Data lies at the heart of intelligence. With the world at the brink of a digital overhaul, not only has information moved to a digital platform, but it has also become accessible within a globally connected network. In less than a decade, the world has moved from gathering and organizing digital data, to analyzing data, to making data-driven decisions, to having machines analyze real-time data and drive real-time solutions, and then onward to Artificial Intelligence (AI). Investment into AI is expected to grow from $12.4 billion in 2018 to about $232 billion by 2025, a KPMG report indicates.
Rather than making reactive decisions after hours of crunching numbers and analyzing data, AI learns from its own from experience, analyzes immense volumes of data at real-time speeds, makes pro-active predictive decisions, and implements real-time solutions based on deep learning. While "narrow AI" solutions have already been implemented in the fields of healthcare, logistics, and e-commerce, among others, it's interesting to take cognizance of the impact it is already having on the stock market and what potential it bears for the future.
According to a PwC report, AI could contribute up to $15.7 trillion to the global economy in 2030, which is more than the combined output of China and India. To put this figure into perspective, the current annual global technology spend is estimated at $3 trillion. This means that within a decade, AI in itself will drive more than five times the current global tech spend.
Stock market impact
AI-based tools have already begun to play an important role in predicting stock market trends, which is evident in a number of use-cases. From using AI for trade executions, as done by companies such as Sigmoidal; or the use of AI-based tools for advisory as handled by Kavout; or its use in discretionary trading by companies such as Trade Ideas, the use of artificial intelligence is no longer an unrealistic tale. Tools such as the Trade Scheduler, for instance, are already being used in Asian markets to give portfolio managers deep insights into when and how to sell and buy specific stocks. Artificial Intelligence not only analyzes data on the stock market, but can also learn based on stock market trends, and predict the trading patterns of investors, stock brokers and the market, in order to then sell or buy the stock at scale while communicating its action through thousands of emails in real-time.

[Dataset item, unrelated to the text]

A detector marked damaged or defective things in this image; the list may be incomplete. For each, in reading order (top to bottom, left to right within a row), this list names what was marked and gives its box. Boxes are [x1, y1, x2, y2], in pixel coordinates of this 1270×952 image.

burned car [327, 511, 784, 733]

Well-recognized players on Wall Street such as Morgan Stanley and Goldman Sachs have already begun looking at narrow AI solutions through data mining, using self-learning algorithms, and natural language processing (NLP) tools, which are capable of much more complex interactions than more well-known applications such as Apple's Siri, Amazon's Alexa or the Google Assistant. For wealth management companies or others keeping a close eye on the stock market, artificial intelligence offers interesting possibilities – such as rebalancing portfolios. While AI, in its current form, does not completely replace the human workforce, it does augment multiple roles by reducing lower-order work and offering real-time advice.
However, there are a few entities such as a Hong Kong-based AI company called Aidiya that has created a hedge fund capable of making all stock trades using AI without any human intervention. While stock markets have been using algorithms, automation, and elements of machine learning for many years now, there has always been the need for high-skilled human involvement due to certain unmeasurable factors such as emotion and sentiment.

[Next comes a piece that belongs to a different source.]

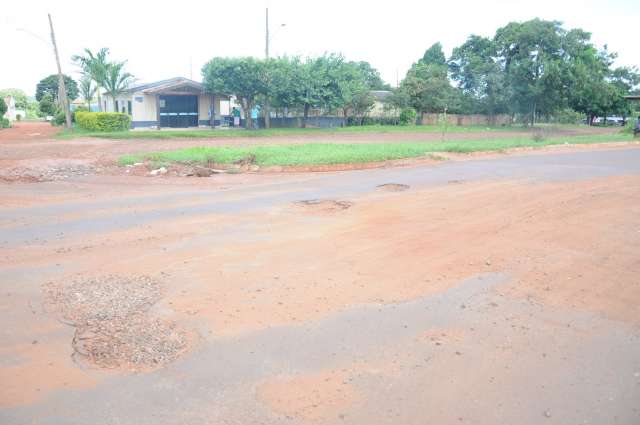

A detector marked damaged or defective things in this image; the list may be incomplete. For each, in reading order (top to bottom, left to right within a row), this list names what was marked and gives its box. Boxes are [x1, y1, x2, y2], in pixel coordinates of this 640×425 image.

Advanced AI and deep learning are also being used to identify, and prevent "rogue transactions".
"Algorithmic trading supported by advanced analytics has gone mainstream today, given that traders wish to continuously detect rogue transactions or be aware of trends up to the moment. In fact, AI/ML platforms are increasingly of interest in the capital markets to ensure operational risk elements are considered especially when stakeholders would want to validate current exposure, liquidity or forex rates among other factors prior to committing a transaction," said Chiradeep Bhattacharya, Tibco AI and Analytics expert, and Alliance Business leader.
AI solutions that use artificial neural networks are getting increasingly "smart" at predicting financial and technical trading trends but still have not reached a point of accurately predicting sentiment. Humans are still better at locating market signals, understanding emotion, as AI still hasn't reached a point of using signals and strategies to solve for causality, a Bloomberg report confirms.

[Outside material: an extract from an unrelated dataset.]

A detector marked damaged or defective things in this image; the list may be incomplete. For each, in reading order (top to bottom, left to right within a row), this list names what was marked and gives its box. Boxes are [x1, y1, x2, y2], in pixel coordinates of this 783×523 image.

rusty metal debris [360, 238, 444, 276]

This hasn't stopped big stock market players from attempting to recruit the top machine-learning and AI-based experts from companies such as Google, Microsoft, and Apple. Deep-learning AI is still being viewed as a breakthrough technology that can create better predictive models to estimate trading, and drive automated investment decisions based on data, even from unstructured data sets such as social media, news websites, blogs and so on. Robo advisers could soon integrate behavioral patterns within their financial objectives, thus, creating a much more targeted trades and investments.